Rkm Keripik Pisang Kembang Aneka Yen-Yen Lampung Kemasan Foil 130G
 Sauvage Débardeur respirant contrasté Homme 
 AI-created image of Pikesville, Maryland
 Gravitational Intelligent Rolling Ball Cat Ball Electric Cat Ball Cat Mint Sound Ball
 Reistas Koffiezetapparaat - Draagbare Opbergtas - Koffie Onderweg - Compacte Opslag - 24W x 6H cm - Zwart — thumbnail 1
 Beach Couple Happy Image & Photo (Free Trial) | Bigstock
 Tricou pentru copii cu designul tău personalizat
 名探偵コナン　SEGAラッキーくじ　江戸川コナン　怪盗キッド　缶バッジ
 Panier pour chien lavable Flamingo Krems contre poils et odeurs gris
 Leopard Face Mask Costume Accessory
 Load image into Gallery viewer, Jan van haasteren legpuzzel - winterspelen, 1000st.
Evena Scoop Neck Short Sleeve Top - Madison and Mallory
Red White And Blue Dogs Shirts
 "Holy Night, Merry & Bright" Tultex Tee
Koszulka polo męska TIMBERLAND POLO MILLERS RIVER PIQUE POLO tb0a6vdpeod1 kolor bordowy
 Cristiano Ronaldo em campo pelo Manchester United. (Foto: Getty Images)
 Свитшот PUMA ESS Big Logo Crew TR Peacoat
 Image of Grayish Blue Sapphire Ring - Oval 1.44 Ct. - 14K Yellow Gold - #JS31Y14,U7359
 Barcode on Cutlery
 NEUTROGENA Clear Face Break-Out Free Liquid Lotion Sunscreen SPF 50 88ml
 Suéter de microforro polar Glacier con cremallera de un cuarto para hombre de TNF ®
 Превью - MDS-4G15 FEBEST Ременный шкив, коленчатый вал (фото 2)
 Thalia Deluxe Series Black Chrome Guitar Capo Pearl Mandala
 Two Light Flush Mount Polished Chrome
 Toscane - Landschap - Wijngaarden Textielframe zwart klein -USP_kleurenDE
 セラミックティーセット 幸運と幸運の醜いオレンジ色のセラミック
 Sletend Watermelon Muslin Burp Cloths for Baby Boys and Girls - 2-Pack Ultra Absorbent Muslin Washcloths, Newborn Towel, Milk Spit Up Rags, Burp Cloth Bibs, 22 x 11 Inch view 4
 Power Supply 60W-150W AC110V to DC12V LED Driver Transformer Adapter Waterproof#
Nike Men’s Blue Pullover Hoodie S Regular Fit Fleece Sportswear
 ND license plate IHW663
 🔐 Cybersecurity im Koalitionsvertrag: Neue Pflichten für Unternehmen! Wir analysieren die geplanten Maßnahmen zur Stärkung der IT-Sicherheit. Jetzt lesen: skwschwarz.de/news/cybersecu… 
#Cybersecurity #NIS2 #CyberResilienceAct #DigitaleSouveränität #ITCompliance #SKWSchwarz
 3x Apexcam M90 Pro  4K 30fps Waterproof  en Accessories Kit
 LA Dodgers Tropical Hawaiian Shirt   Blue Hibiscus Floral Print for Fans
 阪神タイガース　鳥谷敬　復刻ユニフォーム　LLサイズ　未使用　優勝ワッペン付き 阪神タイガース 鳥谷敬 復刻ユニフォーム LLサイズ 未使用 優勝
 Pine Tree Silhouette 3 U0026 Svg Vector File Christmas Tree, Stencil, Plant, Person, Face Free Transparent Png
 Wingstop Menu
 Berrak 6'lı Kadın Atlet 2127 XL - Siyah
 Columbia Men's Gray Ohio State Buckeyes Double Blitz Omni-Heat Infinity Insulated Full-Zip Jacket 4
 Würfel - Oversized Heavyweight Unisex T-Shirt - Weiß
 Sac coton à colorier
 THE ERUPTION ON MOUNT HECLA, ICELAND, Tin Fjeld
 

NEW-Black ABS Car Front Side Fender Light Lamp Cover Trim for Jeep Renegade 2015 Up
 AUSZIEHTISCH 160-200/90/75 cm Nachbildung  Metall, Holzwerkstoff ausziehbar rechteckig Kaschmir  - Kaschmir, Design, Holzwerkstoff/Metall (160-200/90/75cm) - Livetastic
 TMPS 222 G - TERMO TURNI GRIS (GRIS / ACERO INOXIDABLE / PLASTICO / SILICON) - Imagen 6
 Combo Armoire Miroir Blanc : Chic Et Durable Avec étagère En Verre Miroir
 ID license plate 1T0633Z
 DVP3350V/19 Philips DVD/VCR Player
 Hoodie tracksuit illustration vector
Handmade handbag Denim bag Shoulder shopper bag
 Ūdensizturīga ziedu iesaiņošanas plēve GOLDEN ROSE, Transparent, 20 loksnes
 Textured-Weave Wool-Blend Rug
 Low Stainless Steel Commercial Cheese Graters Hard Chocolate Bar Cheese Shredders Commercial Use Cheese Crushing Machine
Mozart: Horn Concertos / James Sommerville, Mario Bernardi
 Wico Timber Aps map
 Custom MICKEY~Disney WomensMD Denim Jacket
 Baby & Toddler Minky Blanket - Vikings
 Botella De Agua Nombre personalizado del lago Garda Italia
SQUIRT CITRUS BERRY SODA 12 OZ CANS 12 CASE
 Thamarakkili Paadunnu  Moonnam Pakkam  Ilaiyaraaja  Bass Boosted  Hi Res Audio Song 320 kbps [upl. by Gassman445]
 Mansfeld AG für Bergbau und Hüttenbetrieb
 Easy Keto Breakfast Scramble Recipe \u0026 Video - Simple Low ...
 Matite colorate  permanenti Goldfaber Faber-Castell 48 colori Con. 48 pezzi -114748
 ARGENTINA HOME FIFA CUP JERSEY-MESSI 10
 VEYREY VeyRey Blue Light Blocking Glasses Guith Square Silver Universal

What is required - Exactly the lines from the one holding "Wingstop Menu" to the final line of the listing, both included, must make up the answer.

Result -
 Wingstop Menu
 Berrak 6'lı Kadın Atlet 2127 XL - Siyah
 Columbia Men's Gray Ohio State Buckeyes Double Blitz Omni-Heat Infinity Insulated Full-Zip Jacket 4
 Würfel - Oversized Heavyweight Unisex T-Shirt - Weiß
 Sac coton à colorier
 THE ERUPTION ON MOUNT HECLA, ICELAND, Tin Fjeld
 

NEW-Black ABS Car Front Side Fender Light Lamp Cover Trim for Jeep Renegade 2015 Up
 AUSZIEHTISCH 160-200/90/75 cm Nachbildung  Metall, Holzwerkstoff ausziehbar rechteckig Kaschmir  - Kaschmir, Design, Holzwerkstoff/Metall (160-200/90/75cm) - Livetastic
 TMPS 222 G - TERMO TURNI GRIS (GRIS / ACERO INOXIDABLE / PLASTICO / SILICON) - Imagen 6
 Combo Armoire Miroir Blanc : Chic Et Durable Avec étagère En Verre Miroir
 ID license plate 1T0633Z
 DVP3350V/19 Philips DVD/VCR Player
 Hoodie tracksuit illustration vector
Handmade handbag Denim bag Shoulder shopper bag
 Ūdensizturīga ziedu iesaiņošanas plēve GOLDEN ROSE, Transparent, 20 loksnes
 Textured-Weave Wool-Blend Rug
 Low Stainless Steel Commercial Cheese Graters Hard Chocolate Bar Cheese Shredders Commercial Use Cheese Crushing Machine
Mozart: Horn Concertos / James Sommerville, Mario Bernardi
 Wico Timber Aps map
 Custom MICKEY~Disney WomensMD Denim Jacket
 Baby & Toddler Minky Blanket - Vikings
 Botella De Agua Nombre personalizado del lago Garda Italia
SQUIRT CITRUS BERRY SODA 12 OZ CANS 12 CASE
 Thamarakkili Paadunnu  Moonnam Pakkam  Ilaiyaraaja  Bass Boosted  Hi Res Audio Song 320 kbps [upl. by Gassman445]
 Mansfeld AG für Bergbau und Hüttenbetrieb
 Easy Keto Breakfast Scramble Recipe \u0026 Video - Simple Low ...
 Matite colorate  permanenti Goldfaber Faber-Castell 48 colori Con. 48 pezzi -114748
 ARGENTINA HOME FIFA CUP JERSEY-MESSI 10
 VEYREY VeyRey Blue Light Blocking Glasses Guith Square Silver Universal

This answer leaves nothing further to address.